▸ **WORK ORDER**
Exact repetition of a range: find the line containing "Presentation with laser" and the line containing "keychain silver 3D model_8" in the material below, then repeat both and all lines between them, leaving pictures out.

[[ STORED DATA open ]]

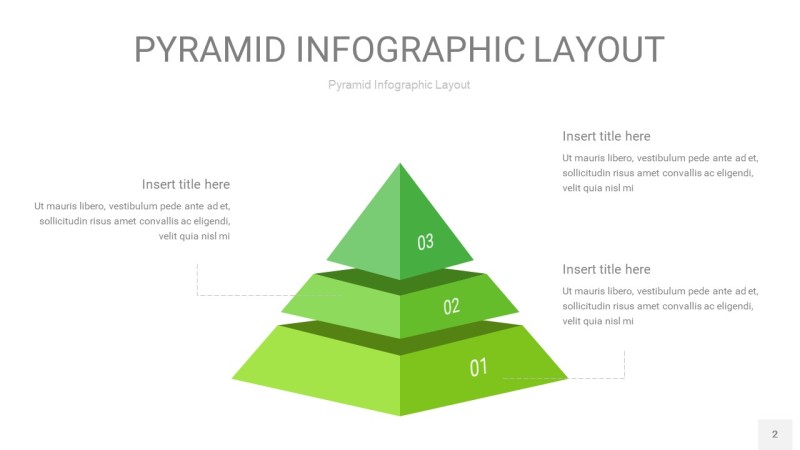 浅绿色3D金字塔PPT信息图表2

[[ STORED DATA closed ]]
[[ STORED DATA open ]]

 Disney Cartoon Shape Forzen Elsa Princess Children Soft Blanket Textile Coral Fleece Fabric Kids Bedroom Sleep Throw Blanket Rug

[[ STORED DATA closed ]]
[[ STORED DATA open ]]

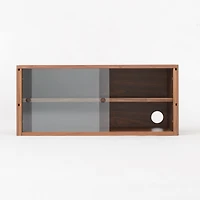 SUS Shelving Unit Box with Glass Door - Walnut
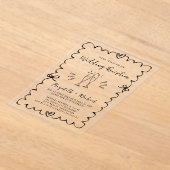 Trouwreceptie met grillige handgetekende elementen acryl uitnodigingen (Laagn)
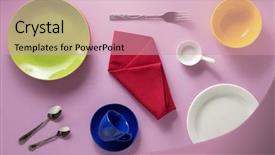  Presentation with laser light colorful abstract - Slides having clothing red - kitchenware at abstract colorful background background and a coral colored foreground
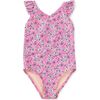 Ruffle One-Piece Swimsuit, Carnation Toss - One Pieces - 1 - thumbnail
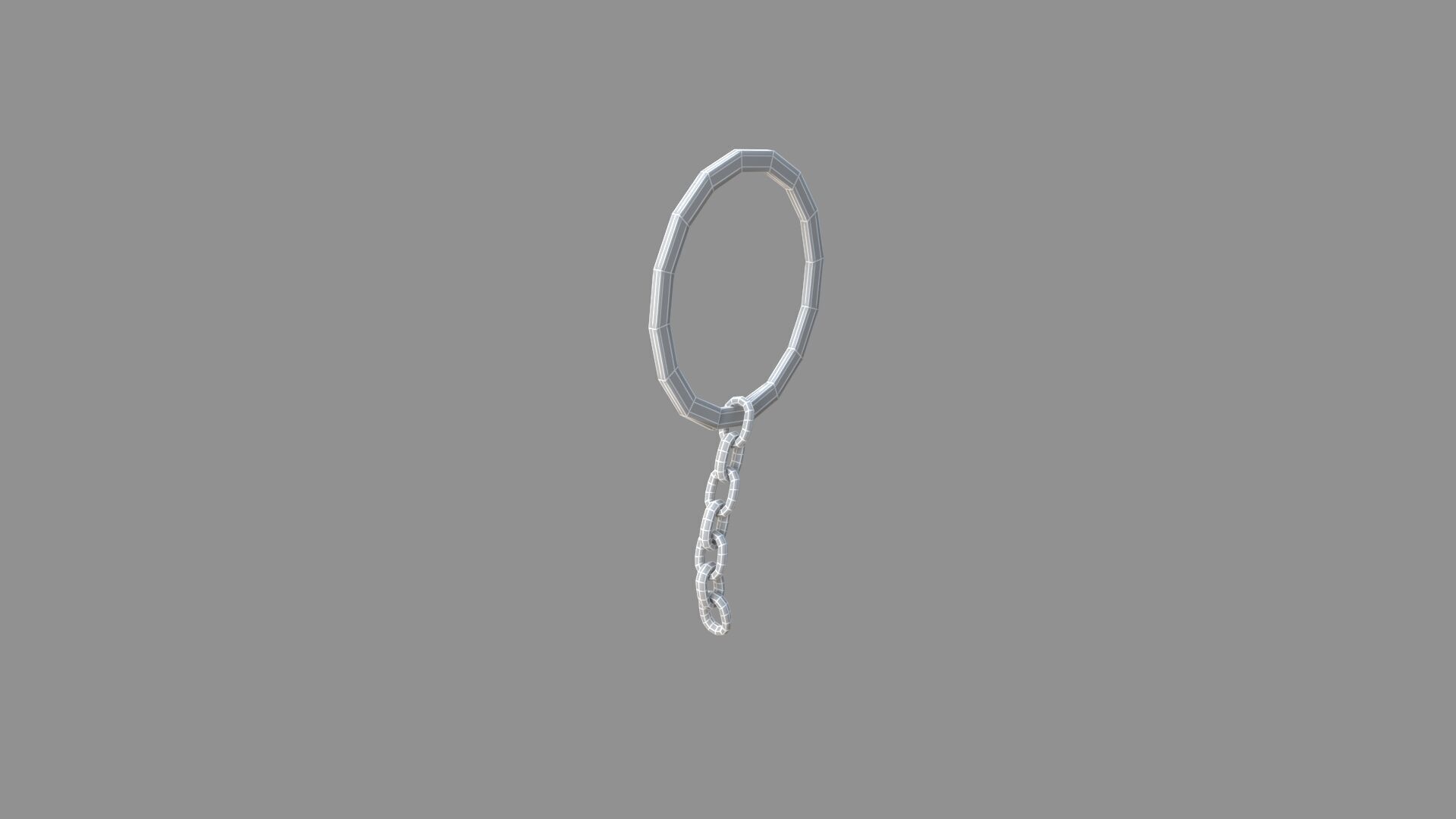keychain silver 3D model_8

[[ STORED DATA closed ]]

▸ **FINAL ANSWER**
  Presentation with laser light colorful abstract - Slides having clothing red - kitchenware at abstract colorful background background and a coral colored foreground
 Ruffle One-Piece Swimsuit, Carnation Toss - One Pieces - 1 - thumbnail
keychain silver 3D model_8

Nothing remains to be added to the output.